$include_dir="/home/hyper-archives/boost/include"; include("$include_dir/msg-header.inc") ?>
Subject: Re: [boost] [heap][formal review]
From: Tim Blechmann (tim_at_[hidden])
Date: 2011-06-13 10:18:22
hi thomas,
thanks for your formal review!
> -- One inconvenience for me was the use of max-heaps instead of min-heaps.
> Well, one could argue that a priority_queue should return the elements
> with the highest priority first (but as Wikipedia says: "some conventions
> consider lower priorities to be higher"), and heap-sort uses a max-heap.
> Since these are the two application where stl uses a heap, it's clear why
> stl implements a max-heap. But the applications where it is beneficial to
> call increase or decrease directly normally use a min-heap. Now I have to
> call increase even so the key value actually has decreased...
there are two conventions to consider: min-heaps (which are typically used in
textbooks) and max-heaps (which are used in the stl heap functions). i prefered
to be consistent with the stl.
likewise i am using the `top()' to extract the value with the highest priority,
not `find_min()' like it is often used in the literature ...
> -- I was
> left a bit with the feeling that I hadn't made the most efficient use of
> Boost.Heap.
the only way to find the best data structure is to test with a specific
workload. boost.heap does not provide a `one-size-fits-all' solution, but a
toolbox of different configurable data structures.
> For example, I quickly found out that calling update just with
> a handle (as I had implemented it first) was suboptimal for
> fibonacci_heap.
suboptimal in what way?
> - The performance numbers for Boost.Heap were neither bad nor outstanding.
> -- The numbers for b_heap are not convincing
> -- The numbers for fibonacci_heap seem to be the best.

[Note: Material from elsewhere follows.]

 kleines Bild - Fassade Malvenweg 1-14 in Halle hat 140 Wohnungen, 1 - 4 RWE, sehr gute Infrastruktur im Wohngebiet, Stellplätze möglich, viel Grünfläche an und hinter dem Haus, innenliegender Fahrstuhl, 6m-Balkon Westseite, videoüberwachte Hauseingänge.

> -- The pairing_heap has a smaller compare count than fibonacci_heap, but
> actually performs worse than fibonacci_heap in this test. Considering
> statements like "Experimental studies indicate that pairing heaps actually
> outperform Fibonacci heaps", I wonder whether the implementation of
> pairing_heap could be improved so that it actually outperforms
> fibonacci_heap.
for a performance comparison, one will have to consider
* expenses of comparison
* expenses of swapping data
* size of the managed data
* workload (mixture/order of API calls)
i suppose for every data structure one can come up with a synthetic benchmark,
so that this data structures outperforms every other implementation.

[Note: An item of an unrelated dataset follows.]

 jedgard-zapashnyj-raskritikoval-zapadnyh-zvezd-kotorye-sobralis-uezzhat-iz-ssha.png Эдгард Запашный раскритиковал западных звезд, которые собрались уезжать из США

> > What is your evaluation of the design?
>
> I guess it's OK. What makes me a bit nervous is the statement "The library
> is not targeted in any specific domain nor directly related to any
> specific libraries". A good interface often is the result from an
> abstraction over different applications. The other way (coming from the
> data structure/algorithm) risks bloating the interface with unnecessary
> functionality. For example, somebody asked during the review for
> "iteration over the heap in priority order". Is this really something that
> many applications requiring a heap will benefit from? I heavily doubt
> this.
testing two heaps for equivalence will benefit from it. of course you can ask,
why do you want to test that ...
> > Do you think the library should be accepted as a Boost library?
>
> No, the library should not be accepted unless
> - The current review either magically goes back on track and at least 3
> other persons also submit a proper review, or another (mini?) review with
> proper participation is held later.
... i am a bit disappointed by the lack of reviews myself. given the fact that
this is the only one that actually contains a vote and the review stoped
yesterday i would appreciate other feedback
> - Either a convincing example where b_heap outperforms the
> other heaps is presented, or it's use should be discouraged in the
> documentation.
http://article.gmane.org/gmane.comp.lib.boost.devel/220245
> - The documentation says a bit more about the different
> heaps and their trade offs (amortized time <-> worst case), and generally
> tries to give recommendation to the user which heap will likely best fit
> his application, and which settings he should try (for example something
> like that arity<4> is a good compromise for a d_ary heap between cache
> locality and compare count).
a section of `best practices' may be helpful?
> I used the negative form of "Yes, the library should be accepted under the
> following conditions", because I'm unhappy with how the review went. The
> announcement was sent out too late, without stating the dates of the
> review, much of the initial discussion was about the code collaborator
> tool, but I haven't seen any "real" review, despite that fact that there
> seems to be interest in the library. There were some discussions on Code
> Collaborator, and the tool was actually not bad in pointing to concrete
> problems in the actual code. Tim quickly addressed these, but a good
> review would have some discussions and actual opinions and suggestions.
well, i would appreciate more reviews myself ... however if you are the only
person who includes a vote and this vote is no, boost.heap should be rejected.
no matter if the reason is `documentation', `code', `performance' or `review
process'.
> It
> is also unclear to me how well Boost.Heap performs with respect to
> boost/graph/detail/d_ary_heap.hpp. I could have tried to also include this
> heap in my heap test/benchmark, but as the review seemed to have silently
> died already, I wasn't motivated enough for doing this.
iirc bgl heap data structures are pretty specific (optimized for integers).
thanks for taking your time to review boost.heap.
tim